Nellio aide Junior blessé à s’extirper de l’intertube et découvre un homme en train de violer Eva.

Mon corps ne m’obéit plus. Sans la moindre hésitation, je me rue furieusement sur l’homme en blanc. Il a peine le temps de tourner vers moi un regard surpris que je l’agrippe et que nous roulons sur le sol. Mes doigts cherchent instinctivement à le blesser, le griffer, déchirer. Je ne suis plus que colère et violence.

Il suffoque et tente de se défendre contre mes attaques désordonnées. Reprenant ses esprits, il parvient à esquiver mes coups inefficaces et me repousser d’un grand coup de pied loin de lui.

— Mais vous êtes complètement dingue ? Qui êtes-vous ? Qu’est-ce qui vous prend ?

Je me relève en hurlant d’une voix rauque, déformée par la rage.

— Salaud ! Ordure !

Je cours vers lui mais mon attaque était trop prévisible. D’un mouvement souple, il m’entraîne vers le sol et m’immobilise d’une clé de bras.

— Vous êtes vraiment un grand malade ! Ça vous prend souvent d’attaquer comme ça les gens qui bossent ?

Je n’ai pas le temps de méditer sur l’étrangeté de sa réplique qu’une voix nous interrompt.

— Mitch, voici la suiv… mais qu’est-ce que tu fous ?
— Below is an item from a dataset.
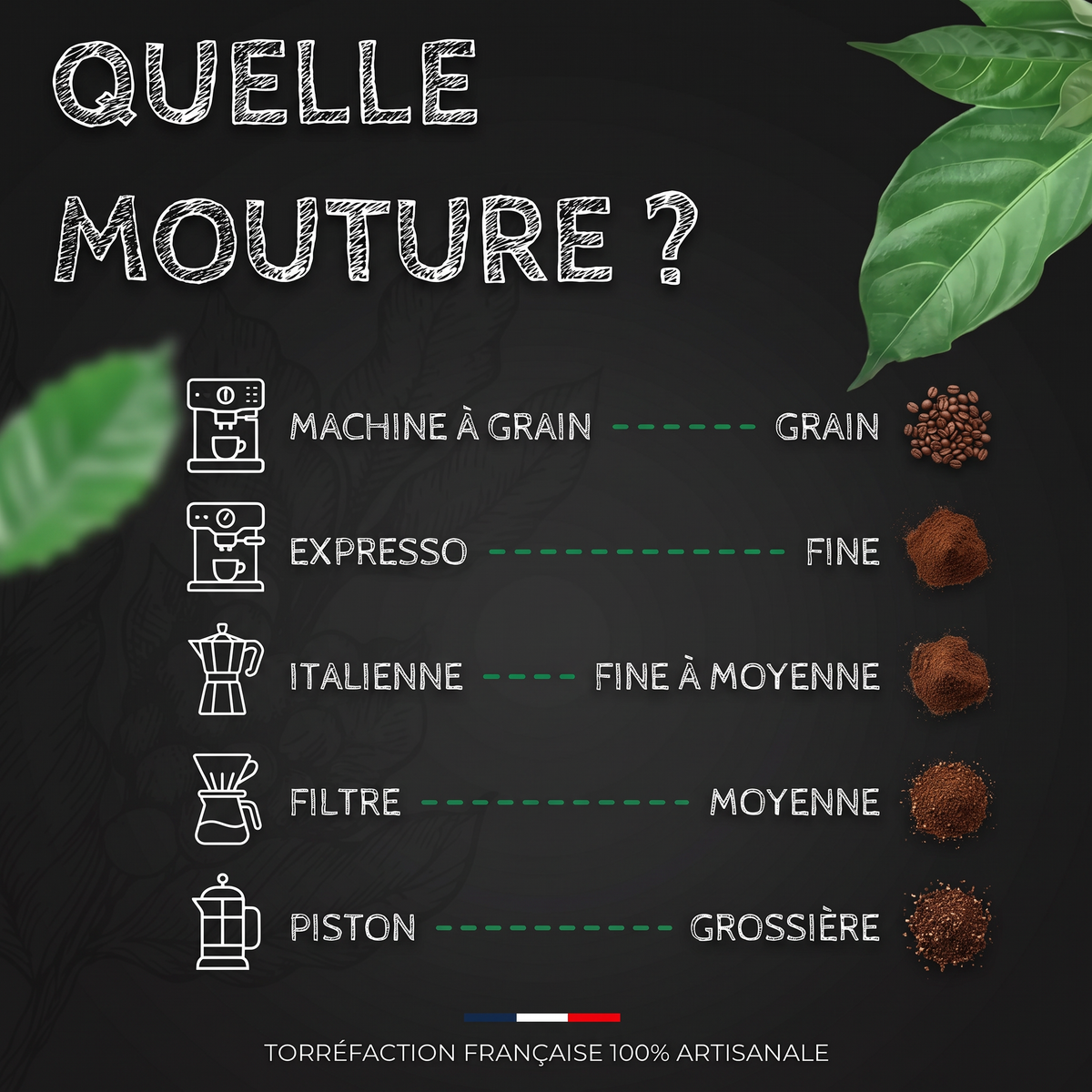 Quelle mouture choisir : grain, expresso, italienne, filtre, piston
Malgré la douleur, je tourne la tête et entraperçois un homme vêtu de la même combinaison blanche. Il avance en tenant par le bras une femme nue qui semble se laisser conduire docilement, le regard vide de toute expression. Je manque de m’étouffer de surprise : Eva !

— Ce type a surgit de nulle part et m’a attaqué sans raison. Son pote dans le coin ne bouge pas et a l’air plutôt mal en point.

— Il était en train de violer… tenté-je de me défendre. Mais la surprise et la douleur qui tiraille mon bras étouffent ma phrase.

L’autre éclate de rire.

— La violer ? T’entends ça Mitch ? Tu serais un violeur maintenant ! Je dirais même un violeur en série car je t’apporte ta prochaine victime.

— Mais… fais-je sans grande conviction.

Je sens l’étreinte autour de mon bras se relâcher subtilement.

— Note que ça expliquerait tout. S’il a cru qu’il s’agissait d’une vraie femme, je comprends qu’il aie vu rouge. J’aurais eu la même réaction à sa place.

— Une vraie femme ?

Sentant bien que la colère a désormais laissé la place à l’interrogation et la curiosité, mon bourreau me relâche complètement. Civilement, il m’aide à me relever. Je reste abasourdi.

— Je ne comprends pas.

— Vous ne savez donc pas où vous avez mis les pieds ?

Je réponds par la négative. En quelques phrases, je dresse le tableau simplifié de la situation, omettant volontairement les détails, insistant simplement sur le fait que nous sommes poursuivi par des policiers. Je baragouine une excuse impliquant notre volonté de travailler et notre refus de devenir des télépass. À ces mots, je sens naître une profonde sympathie parmi mes deux interlocuteurs.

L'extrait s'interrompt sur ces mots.